In software, the most dangerous sentence is “let me just get this working first.”
It’s rarely pride, just a pre-rational impulse to proceed before changing direction, as though stopping mid-stride carries some invisible cost that continuing doesn’t.
A Bias Faster Than Reflection
This pattern has a name. In aviation, it’s called get-there-itis. In cognitive science, the broader phenomenon is plan continuation bias. Research at NASA’s Ames Research Center found that roughly 75% of tactical decision errors in airline accidents were decisions to continue the original plan despite cues suggesting a different course of action (Orasanu et al., 2001). These weren’t errors of skill or knowledge; they were errors of continuation.

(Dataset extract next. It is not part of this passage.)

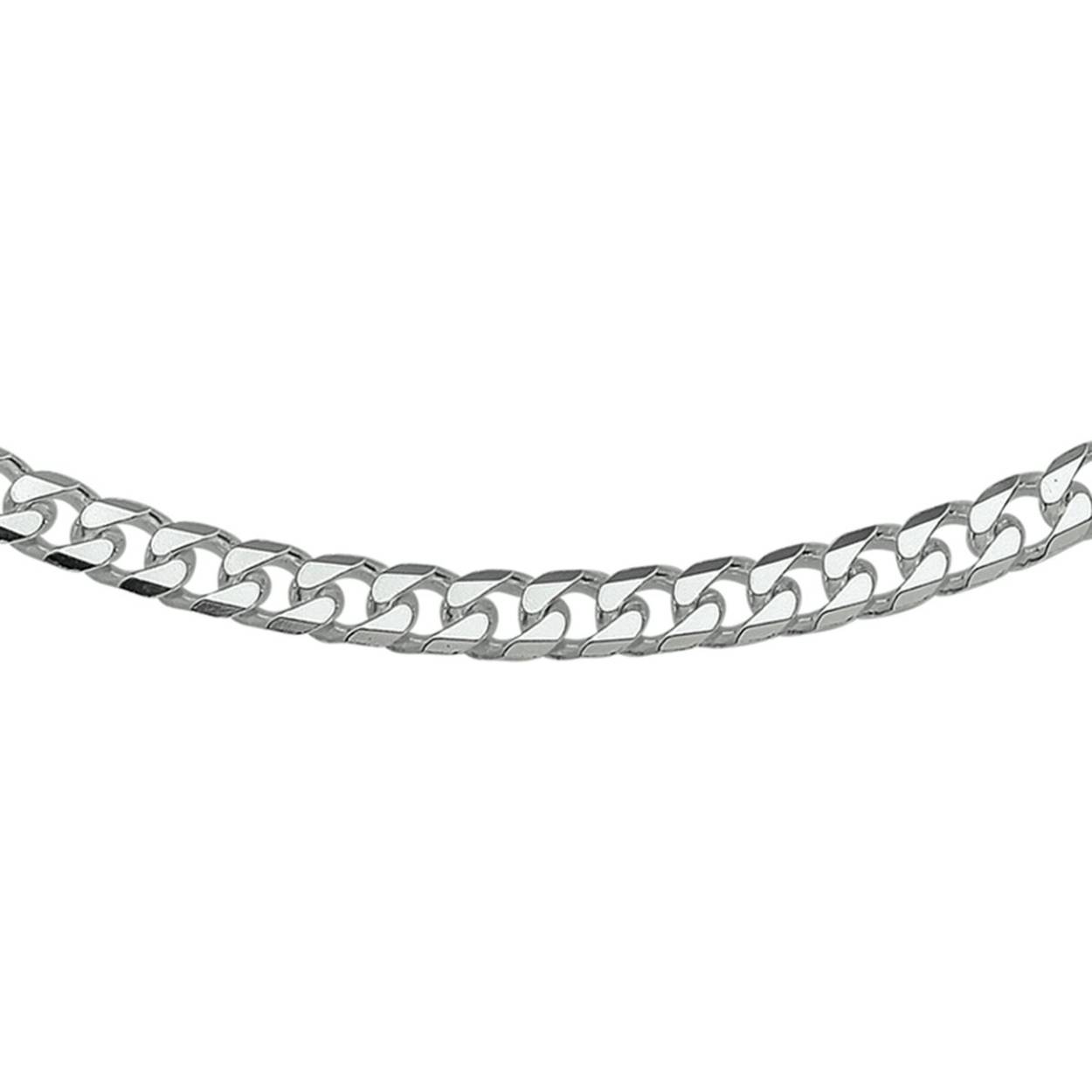 Zilveren collier met een geslepen gourmette schakel. Het collier heeft een stevige karabijnsluiting. Draag het collier samen met de bijpassende armband. 
De schakelbreedte is 5.0mm. In diverse lengtes en breedtes beschikbaar.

When pilots flying under visual rules encounter weather that requires instruments and press on anyway, the fatality rate is 86% (AOPA Air Safety Institute). These aren’t reckless or untrained pilots; many are experienced and fully aware of the danger.
The mechanism explains why awareness alone isn’t enough. When the original plan was well-justified, subsequent contradictory signals receive less cognitive weight. The better your reason for starting, the harder it becomes to hear the signal telling you to stop. As workload increases and you get deeper into execution, less mental capacity is available to reconsider. The original plan has inertia, and new information has to fight through it.
“Let Me Just Get This Working First”
The idea of finishing first and then reevaluating sounds reasonable. Finish what you’ve started, then evaluate from a position of knowledge rather than speculation. But watch carefully what actually happens. You spend another hour building out the current approach. You write tests around it. Other code starts depending on it. A colleague reviews it and builds understanding of how it works. All the while diving deeper and deeper into the work for an idea which has not yet proven its worth. At that point, “considering the other approach” means throwing away not just your work but the organizational investment in reviewing, understanding, and integrating what you’ve built.
The impulse to finish manufactures the very sunk costs that now appear to justify not switching.
This is the difference between proving and testing. Proving asks “can I make this work?” and the answer is almost always yes given enough effort. Testing asks “should I be making this work?” and that’s the question that actually matters. When someone says “let me just get this working first,” they’re proving, not testing. They want to see their assumption become real before they’ll allow a competing idea to be evaluated. The current assumption gets the full weight of implementation effort while the alternative gets a hypothetical conversation, maybe, later, if there’s time.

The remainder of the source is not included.